Río Doce.- De un día para otro, El Guayabo guardó su bullicio y se puso triste: sus hojas otoñaron grises, amarillas, tímidas, caídas y el silencio se impuso alrededor del féretro de Melesio Rangel, el Mele, portentoso guitarrista de este bar-templo-hogar-alma máter. Era de otoño, sí, ver entre las mesas cantineras a las damas de negro, los niños, la querencia dolorida, las lágrimas, que no la cerveza, poblando los pasillos.
El féretro en medio. Los músicos callaron. Las fallas en el equipo fueron atribuidos al Mele y sus malhumoradas ondas creativas y sus pucheros lozanos cuando tocaba. Dos guitarristas de acústica de un trío se aventaron dos piezas y los llantos arreciaron. Eran las cinco de la tarde. Hora de brindar en un funeral.
Brindar por el Mele y sus cúspides al tocar rolas de Santana o Jinetes en el Cielo o Toma Cinco. Sus clímax estaban ahí, en ese nadir.
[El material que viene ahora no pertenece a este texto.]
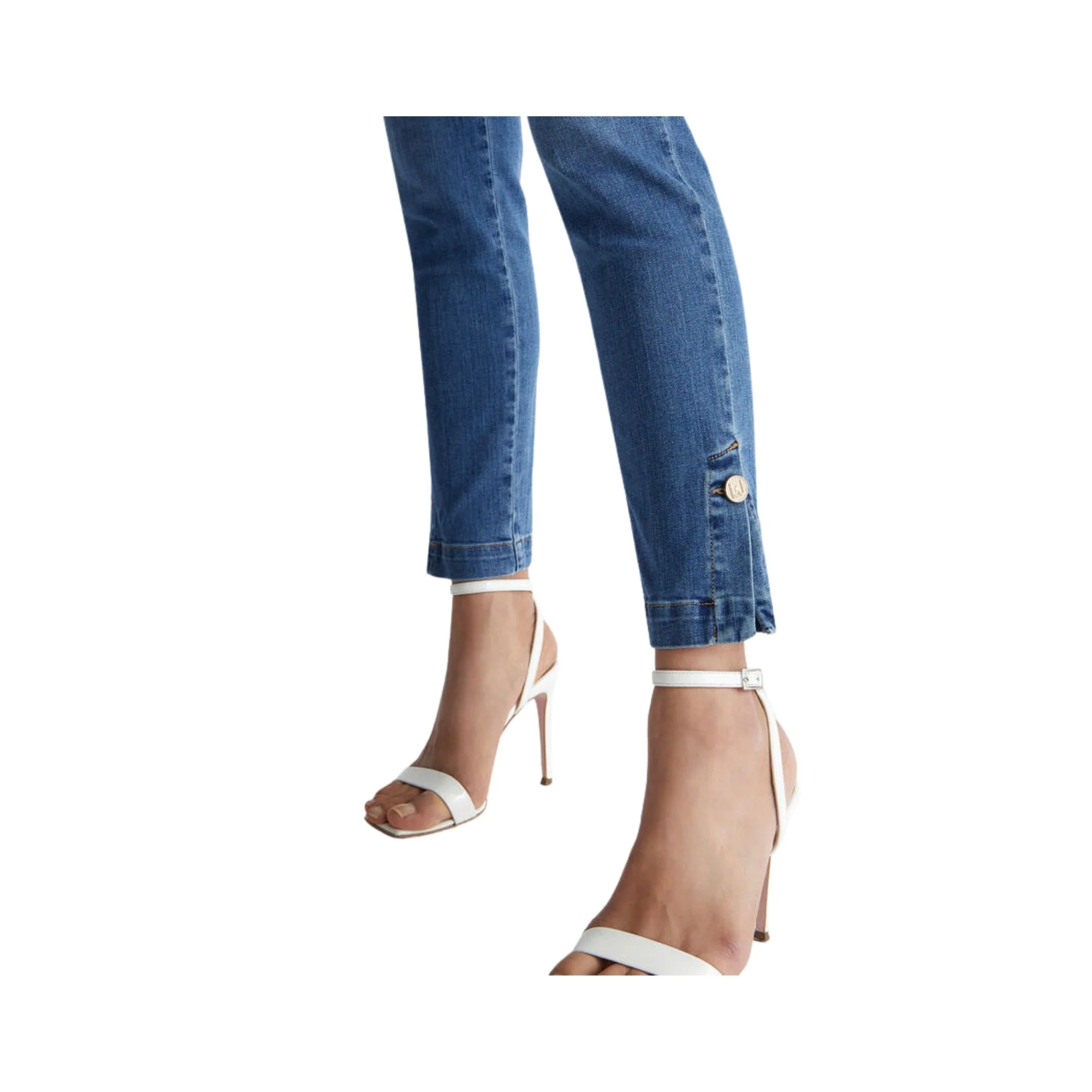 Jeans Chino In Denim Donna - Denim Blu - Image 4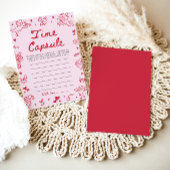 Invitation Jeu de capsule temporelle pour Baby Shower dessiné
Los músicos no lo creían, los que le organizaban un homenaje para recaudar algo de dinero se echaban de un trago los cuartitos laic para reponerse. Bálsamos para heridas: curitas para zanjas hondas, parches para el alma enllagada.
Cuando la música de Gerónimo, Gochi, Toni, Alberto y Roy sonó, fue como superar el embrujo y darle al Mele y su familia las aspirinas del día, frente a la tragedia. Bocanadas de sonidos, jardines en los cartílagos auditivos, manantiales en ese tugurio de la bohemia culichi, quizá el único, el más viejo y tradicional, frente al chapopote desolador y la terca muerte.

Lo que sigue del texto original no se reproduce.